What Is an Intangible Cost?
An intangible cost is an unquantifiable cost emanating from an identifiable source that can impact, usually negatively, overall company performance. Many intangible costs arise from causes that are social, legal, or political, and ignoring them can have adverse implications.
Intangible costs may be contrasted with tangible costs, which are both identifiable and quantifiable. They may also be contrasted with intangible assets, which are benefits that similarly cannot be directly measured.
- An intangible cost is a cost that can be identified but cannot be quantified or easily estimated.
- Common intangible costs include impaired goodwill, loss of employee morale, or brand damage.
- While not directly measurable, intangible costs can have a very real impact on a company's bottom line.
Understanding an Intangible Cost
An intangible cost basically consists of placing a subjective value on a circumstance or event in an attempt to quantify its impact. These expenses are triggered by a real, identifiable source, yet putting a number on them is often no easy task.
Intangible costs can be triggered by a variety of occurrences, including losses in productivity, an impairment to goodwill, decline in employee morale, loss of brand value, or damage to brand equity. These types of setbacks do not have a concrete value, although managers will often attempt to estimate the impact of them anyway as they can have a very real effect on productivity and, subsequently, a company's bottom line.
Intangible costs are difficult to measure but must not be overlooked as they can have a significantly adverse impact on profitability.
Intangible Costs vs. Tangible Costs
Tangible costs are often associated with items that also have related intangible costs. A tangible cost is the money paid to a new employee to replace an old one. An intangible cost, on the other hand, is the knowledge the old employee takes with them when they leave.
When conducting a cost-benefit analysis, company executives estimate both the tangible and intangible costs before moving forward with changes or a new direction.
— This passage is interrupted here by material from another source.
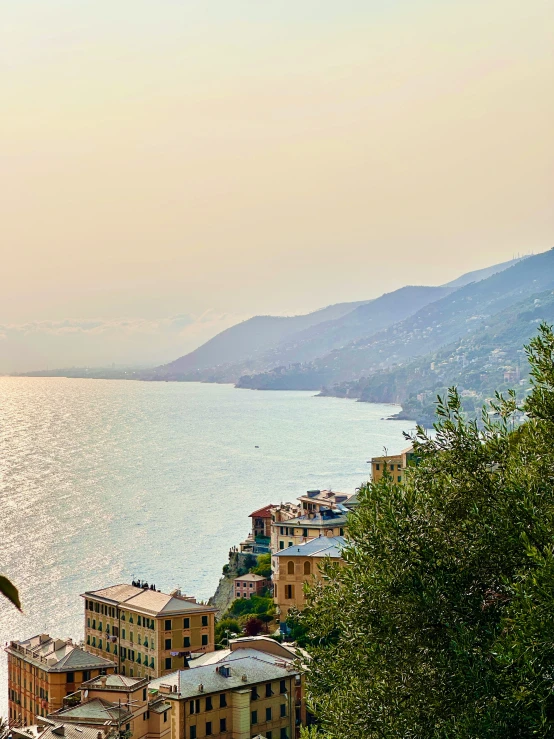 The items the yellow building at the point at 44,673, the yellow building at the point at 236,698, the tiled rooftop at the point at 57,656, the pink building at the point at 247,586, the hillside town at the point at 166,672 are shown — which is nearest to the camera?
the hillside town at the point at 166,672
The tangible costs factor heavily in making decisions involving large fixed assets, such as production machinery or a new factory. Underestimating these costs can lead to lower profits, while overestimating them might lead to avoiding a potentially lucrative avenue.
Examples of Intangible Costs
A widget company decides to cut back on $100,000 in employee benefits to maximize profits. When news reaches the employees of the cut-back, worker morale will likely drop, leading to a decline in productivity and lower revenues. The employee's focus on losing benefits instead of making products represents an intangible cost, which may be larger than the gains realized by reducing employee benefits.
Let's look at another example. A toy company produces a toy that ends up injuring a portion of the children that play with it. This setback may lead to an increase in tangible costs, such as the expense associated with a recall and money paid to settle lawsuits. However, there are also intangible costs to consider in this scenario, including the likelihood that the company's reputation will take a notable hit from this mishap.